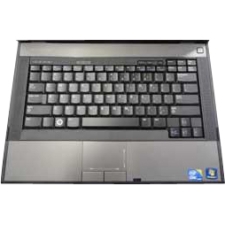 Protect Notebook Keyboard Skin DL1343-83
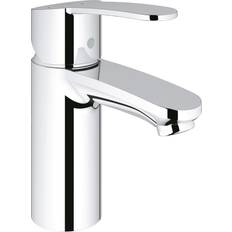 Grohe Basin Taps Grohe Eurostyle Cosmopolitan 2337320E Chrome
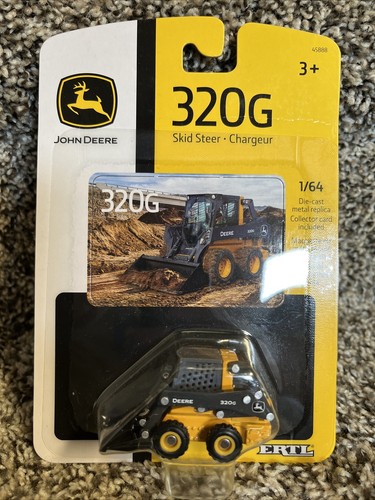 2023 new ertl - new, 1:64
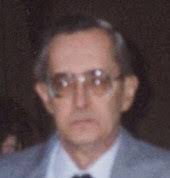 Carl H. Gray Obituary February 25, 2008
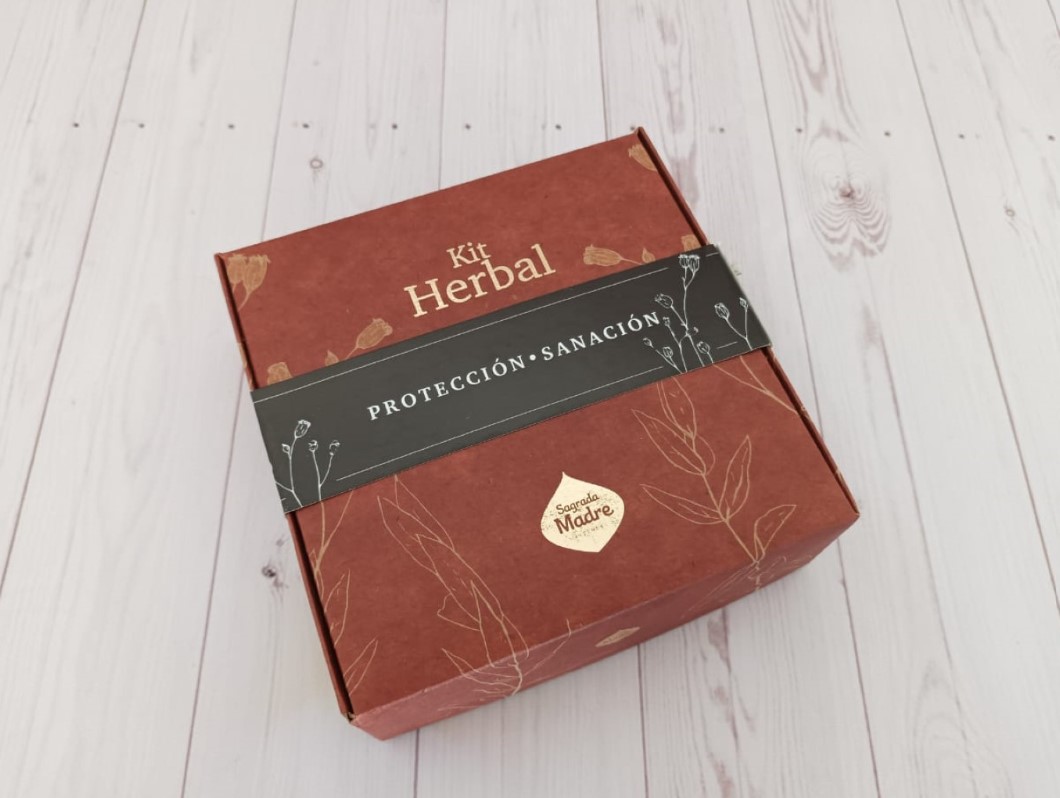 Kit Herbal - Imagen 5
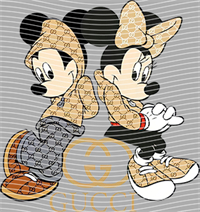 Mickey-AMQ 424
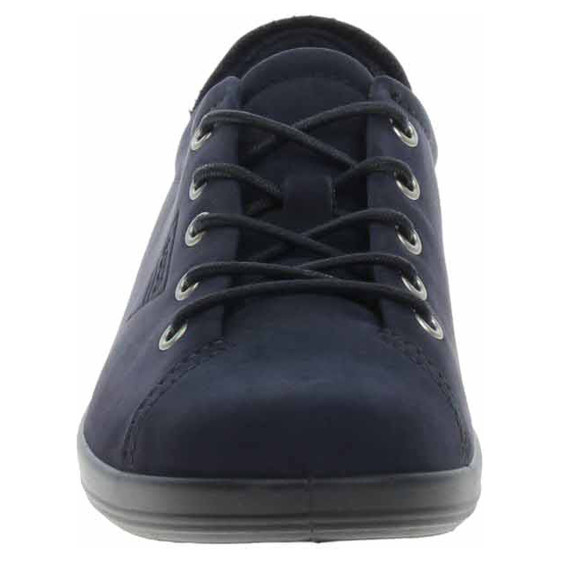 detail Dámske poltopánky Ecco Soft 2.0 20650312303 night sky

============

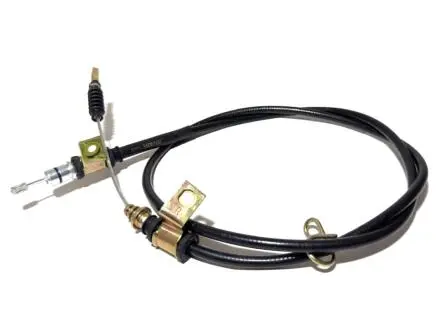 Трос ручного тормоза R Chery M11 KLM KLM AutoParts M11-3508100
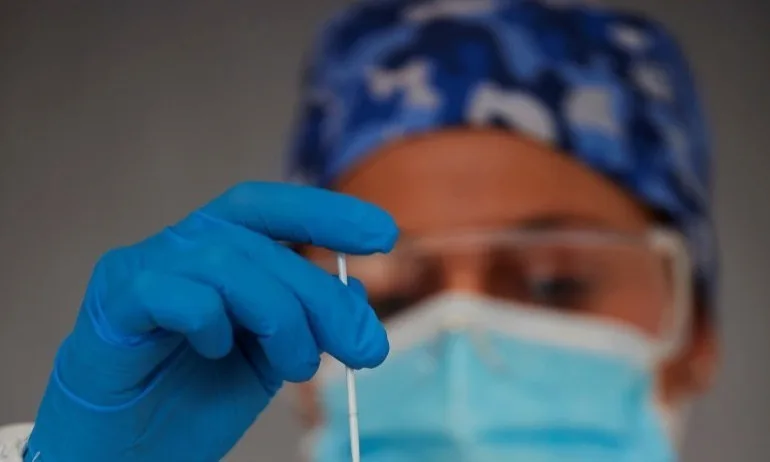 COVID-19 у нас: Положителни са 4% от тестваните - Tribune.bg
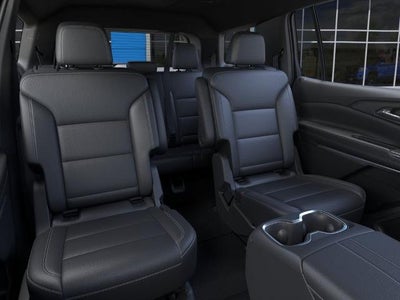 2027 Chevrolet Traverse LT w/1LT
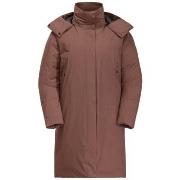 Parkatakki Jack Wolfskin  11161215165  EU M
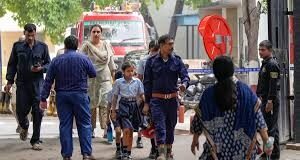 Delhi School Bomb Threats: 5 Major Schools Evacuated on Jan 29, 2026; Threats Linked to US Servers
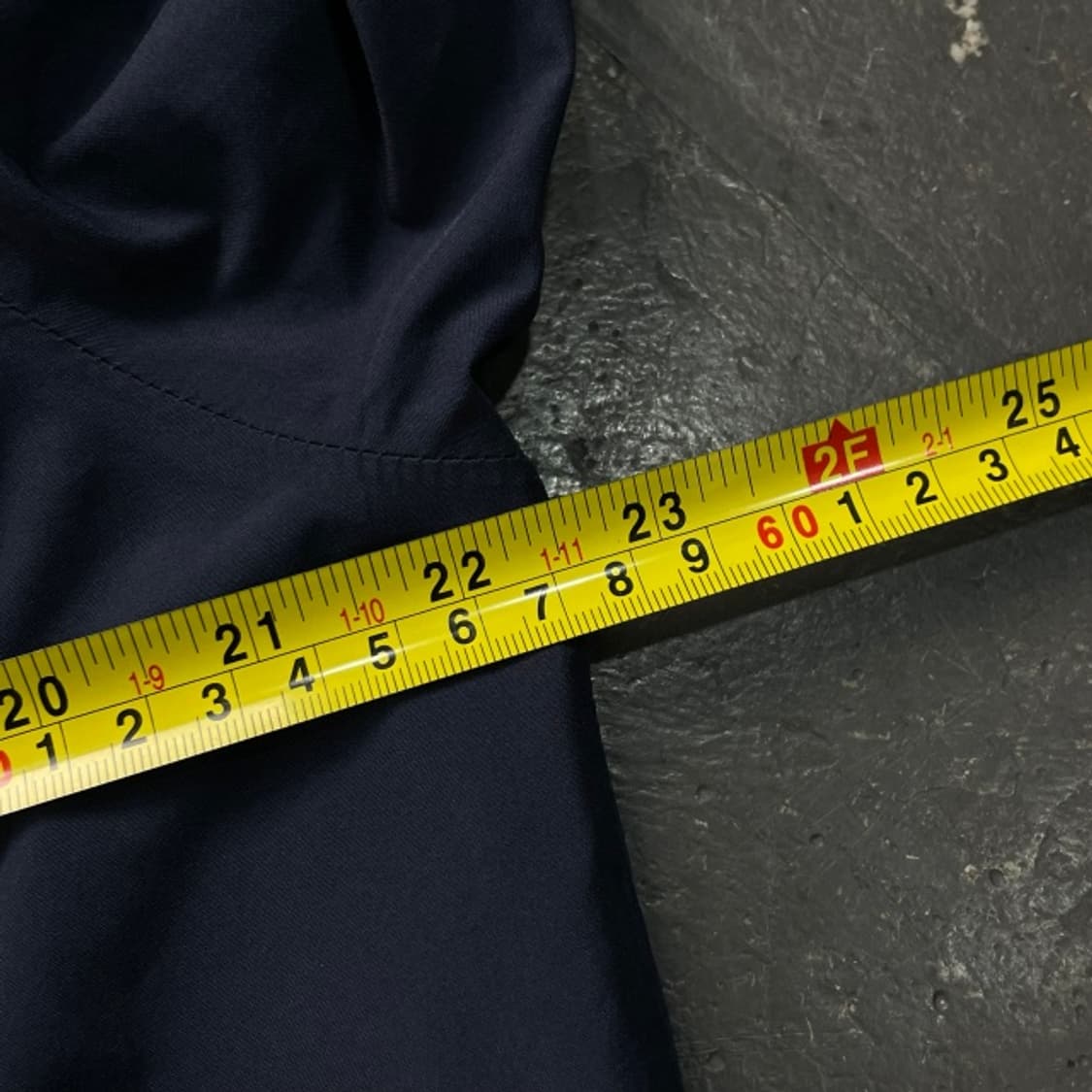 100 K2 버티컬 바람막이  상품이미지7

============

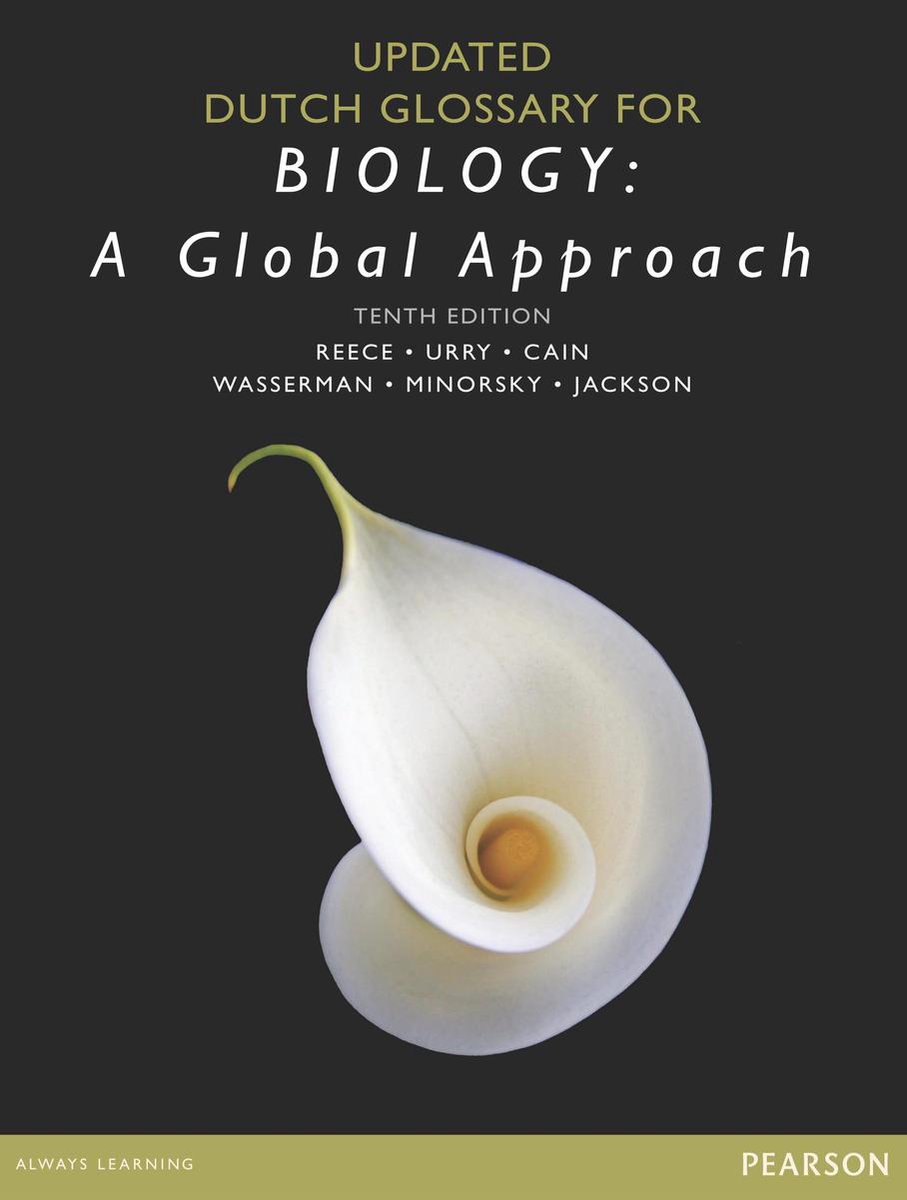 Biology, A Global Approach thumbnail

============

ACTIVITY =>
From the records above, copy only the lines running from the line holding "Kit Herbal - Imagen 5" through the line holding "detail Dámske poltopánky", with no pictures.

ANSWER FOR THIS EXERCISE =>
 Kit Herbal - Imagen 5
 Mickey-AMQ 424
 detail Dámske poltopánky Ecco Soft 2.0 20650312303 night sky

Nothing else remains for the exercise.